Auch das Argument, dass Nikolaus als christlicher Heiliger in ein christliches Land gehöre, lässt Çevik nicht gelten: «Für mich ist er ein heiliger Mann für den Islam, denn der Islam und die Christenheit haben denselben Gott. Würden wir ihn fragen, bin ich sicher, dass er wieder in sein eigenes Grab gehen möchte.»

Der Heilige Nikolaus war Bischof von Myra (heute Demre) in der heutigen Türkei. Er starb in der Mitte des 4. Jahrhunderts. Zu jener Zeit wurde die Region von Byzanz aus regiert.

Laut der Legende wurde 1087 die Hälfte seines Skeletts von Kaufleuten aus der süditalienischen Stadt Bari entwendet – trotz der Einwände der orthodoxen Mönche, die sie beschützten.
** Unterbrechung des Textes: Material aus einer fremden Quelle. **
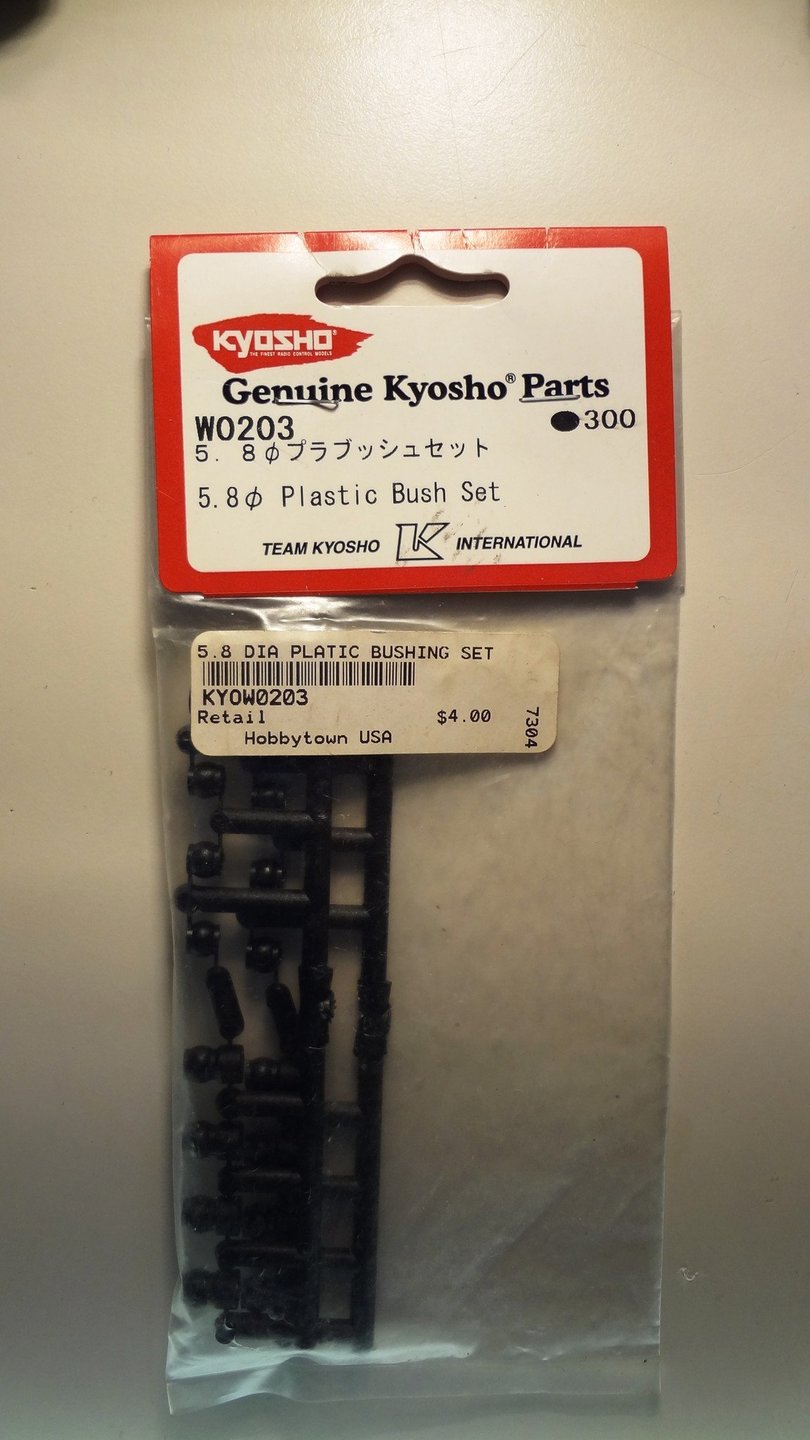 5.8mm PLASTIC BUSH SET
Eine Version dieser Geschichte beschreibt die Kaufleute als Piraten; eine andere erzählt, der Heilige sei den Seglern erschienen und habe ihnen befohlen, seine Gebeine vor der bevorstehenden muslimischen Eroberung zu retten.

Die andere Hälfte des Skeletts wurde später durch Kaufleute aus Venedig nach Italien gebracht.

Der Femur (Oberschenkelknochen) von Sankt Nikolaus wurde 1405 zuerst ins Kloster Hauterive geschickt, bevor er 1506 in die Freiburger Kathedrale gebracht wurde.

In vielen westeuropäischen Ländern wurde Sankt Nikolaus in Zusammenhang gebracht mit Geschenken, die er an seinem Namenstag an Kinder verteilen soll.

In vielen katholischen Regionen der Schweiz gibt es am 6. Dezember spezielle Sankt-Nikolaus-Feiern. In Freiburg reitet er auf einem Esel durch die Strassen und verteilt Süssigkeiten an die Kinder.

Je nach Weltregion wird die Figur heute unter vielen anderen Namen «Samichlaus», Weihnachtsmann, Saint-Nicolas oder Santa Claus genannt.